Tech Firm Ubiquiti Suffers $46M Cyberheist

August 7, 2015

Networking firm Ubiquiti Networks Inc. disclosed this week that cyber thieves recently stole $46.7 million using an increasingly common scam in which crooks spoof communications from executives at the victim firm in a bid to initiate unauthorized international wire transfers.

athookUbiquiti, a San Jose based maker of networking technology for service providers and enterprises, disclosed the attack in a quarterly financial report filed this week with the U.S. Securities and Exchange Commission (SEC). The company said it discovered the fraud on June 5, 2015, and that the incident involved employee impersonation and fraudulent requests from an outside entity targeting the company’s finance department.

“This fraud resulted in transfers of funds aggregating $46.7 million held by a Company subsidiary incorporated in Hong Kong to other overseas accounts held by third parties,” Ubiquiti wrote. “As soon as the Company became aware of this fraudulent activity it initiated contact with its Hong Kong subsidiary’s bank and promptly initiated legal proceedings in various foreign jurisdictions. As a result of these efforts, the Company has recovered $8.1 million of the amounts transferred.”
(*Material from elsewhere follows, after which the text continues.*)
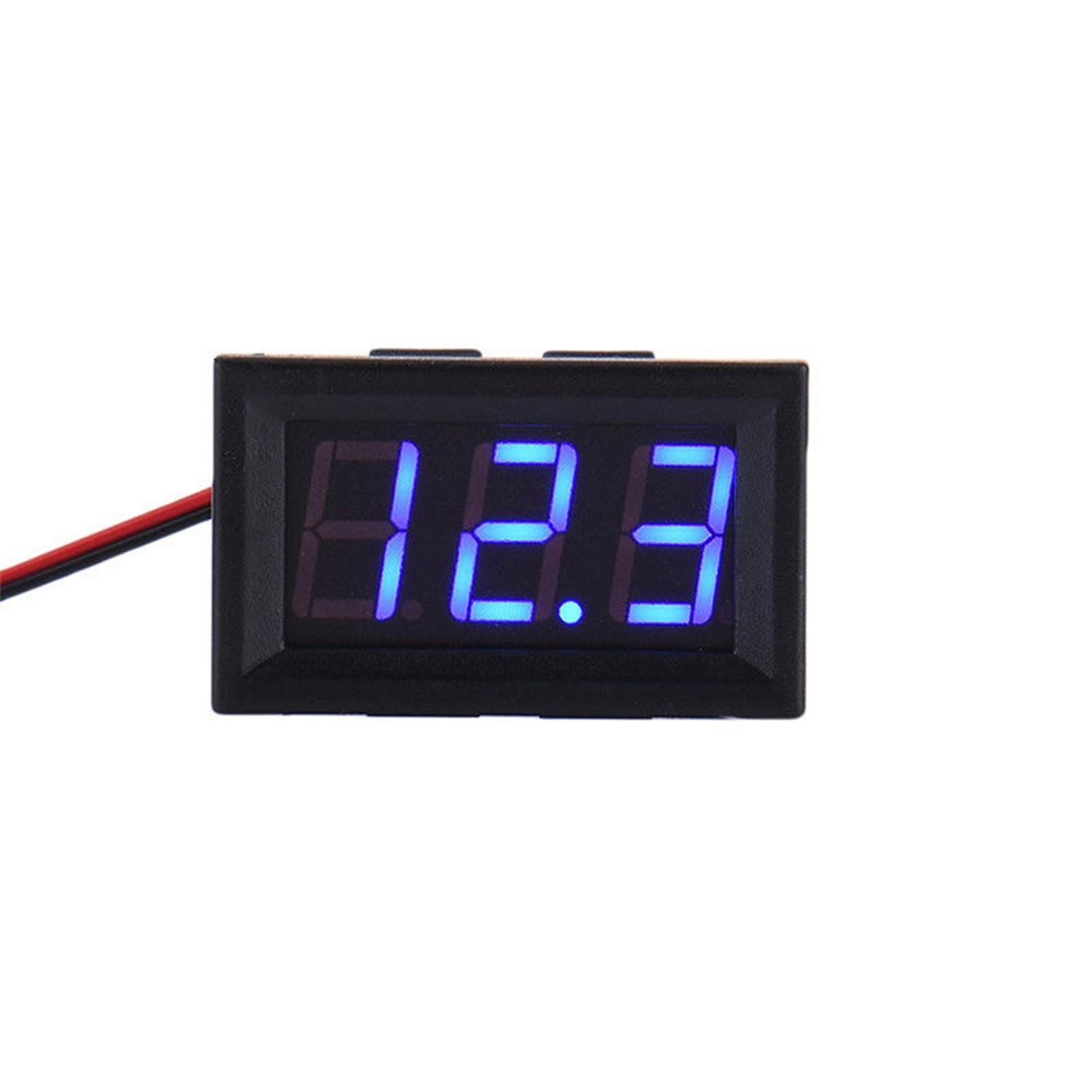 DC 3.2-30V Two-wire Voltmeter LED Panel Digital Display Voltage Meter Device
Known variously as “CEO fraud,” and the “business email compromise,” the swindle that hit Ubiquiti is a sophisticated and increasingly common one targeting businesses working with foreign suppliers and/or businesses that regularly perform wire transfer payments.  In January 2015, the FBI warned that cyber thieves stole nearly $215 million from businesses in the previous 14 months through such scams, which start when crooks spoof or hijack the email accounts of business executives or employees.

In February, con artists made off with $17.2 million from one of Omaha, Nebraska’s oldest companies —  The Scoular Co., an employee-owned commodities trader. According to Omaha.com, an executive with the 800-employee company wired the money in installments last summer to a bank in China after receiving emails ordering him to do so.
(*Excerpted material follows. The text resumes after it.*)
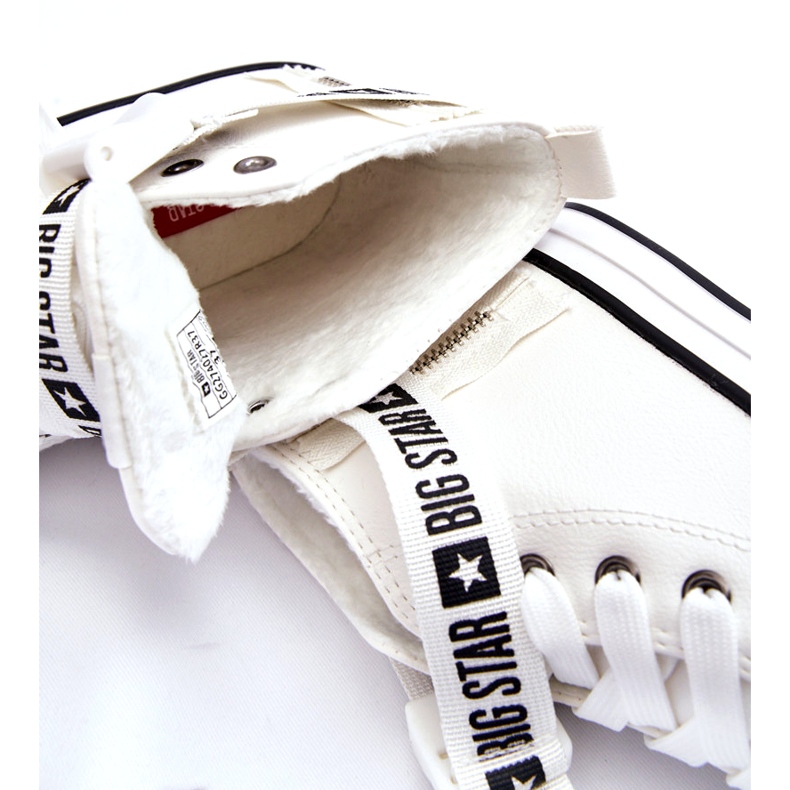 Magasszigetelésű cipők Big Star GG274027 Fehér 1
In March 2015, I posted the story Spoofing the Boss Turns Thieves a Tidy Profit, which recounted the nightmarish experience of an Ohio manufacturing firm that came within a whisker of losing $315,000 after an employee received an email she thought was from her boss asking her to wire the money to China to pay for some raw materials.

Ubiquiti didn’t disclose precisely how it was scammed, but CEO fraud usually begins with the thieves either phishing an executive and gaining access to that individual’s inbox, or emailing employees from a look-alike domain name that is one or two letters off from the target company’s true domain name. For example, if the target company’s domain was “example.com” the thieves might register “examp1e.com” (substituting the letter “L” for the numeral 1) or “example.co,” and send messages from that domain.

In these cases, the fraudsters will forge the sender’s email address displayed to the recipient, so that the email appears to be coming from example.com. In all cases, however, the “reply-to” address is the spoofed domain (e.g. examp1e.com), ensuring that any replies are sent to the fraudster.

In the case of the above-mentioned Ohio manufacturing firm that nearly lost $315,000, that company determined that the fraudsters had just hours before the attack registered the phony domain and associated email account with Vistaprint, which offers a free one-month trial for companies looking to quickly set up a Web site.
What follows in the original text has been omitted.